Tras el terremoto montaron un campamento en la calle al lado del inmueble que se mantiene precariamente en pie, donde duermen, cocinan y comen. Su negativa a trasladarse a un refugio se debe al temor de un desalojo y la pérdida de su vivienda y sus enseres.
“Nos hemos organizado para preparar la comida y cuidar las cosas. El gobierno no nos ha atendido. Siempre hacen a un lado a los indígenas”, reclamó Telésforo Francisco Martínez, integrante del grupo de 35 familias que habitan el inmueble.
La blancura de tres carpas grandes y una más pequeña contrasta con la lona negra que protege la entrada al edificio. Dos tiendas de campaña completan el campamento improvisado, junto a dos fogones y mesas pequeñas para comer.

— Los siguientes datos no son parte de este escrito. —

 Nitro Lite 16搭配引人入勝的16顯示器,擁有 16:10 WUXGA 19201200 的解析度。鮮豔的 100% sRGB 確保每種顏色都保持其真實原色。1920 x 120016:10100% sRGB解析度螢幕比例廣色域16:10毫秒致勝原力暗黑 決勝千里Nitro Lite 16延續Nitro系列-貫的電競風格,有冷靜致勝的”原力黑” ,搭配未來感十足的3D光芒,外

Los indígenas trabajan en el comercio informal, venta de arte ancestral, limpieza de autos en la calle o de viviendas.
“No hemos podido trabajar, así que no hay ingresos”, lamentó Martínez, quien limpia parabrisas de vehículos en las calles.
Desde 1986, unos 2.000 ñañhúes migraron hacia Ciudad de México desde el municipio de Santiago Mezquititlán, en el central estado de Querétaro, y ahora ocupan ocho asentamientos en barrios del centro-oeste capitalino.

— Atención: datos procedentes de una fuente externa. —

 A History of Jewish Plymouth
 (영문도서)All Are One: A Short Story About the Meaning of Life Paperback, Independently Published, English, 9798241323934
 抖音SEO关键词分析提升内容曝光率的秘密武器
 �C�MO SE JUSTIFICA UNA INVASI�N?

Ciudad de México atrae a miles de inmigrantes internos que abandonan sus localidades para sumarse al trabajo informal y suelen vivir en asentamientos irregulares en la periferia de la capital.

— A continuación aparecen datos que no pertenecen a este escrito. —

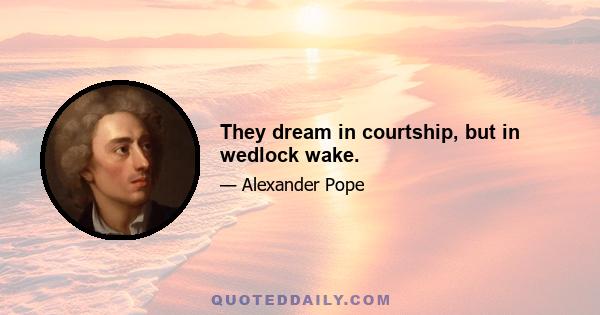 They dream in courtship, but in wedlock wake.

Los ñañhúes, que totalizaban 623.098 en 2015, son uno de los 69 pueblos originarios mexicanos, que suman unos 12 millones de personas, de una población total de 129 millones.
Cerca de 1,2 millones de indígenas viven en la capital, según datos del no gubernamental Centro Interdisciplinario para el Desarrollo Social (Cides).
“Son familias que, por su condición, desde hace mucho tiempo ocupan espacios en condiciones deplorables, incluso en predios que desde el terremoto de 1985 estaban deshabilitados”, explicó la directora del Cides, Alicia Vargas.
“El nuevo temblor dejó a los inmuebles inhabitables. Les han dicho que no pueden volver a vivir en esos edificios”, detalló.
Para Vargas, cuya organización trabaja con esas minorías, esos grupos han sido “los tradicionalmente invisibles, especialmente los niños” y cuyo nivel de vulnerabilidad se agudiza con los desastres y se hace mucho más evidente la exclusión y discriminación que sufren.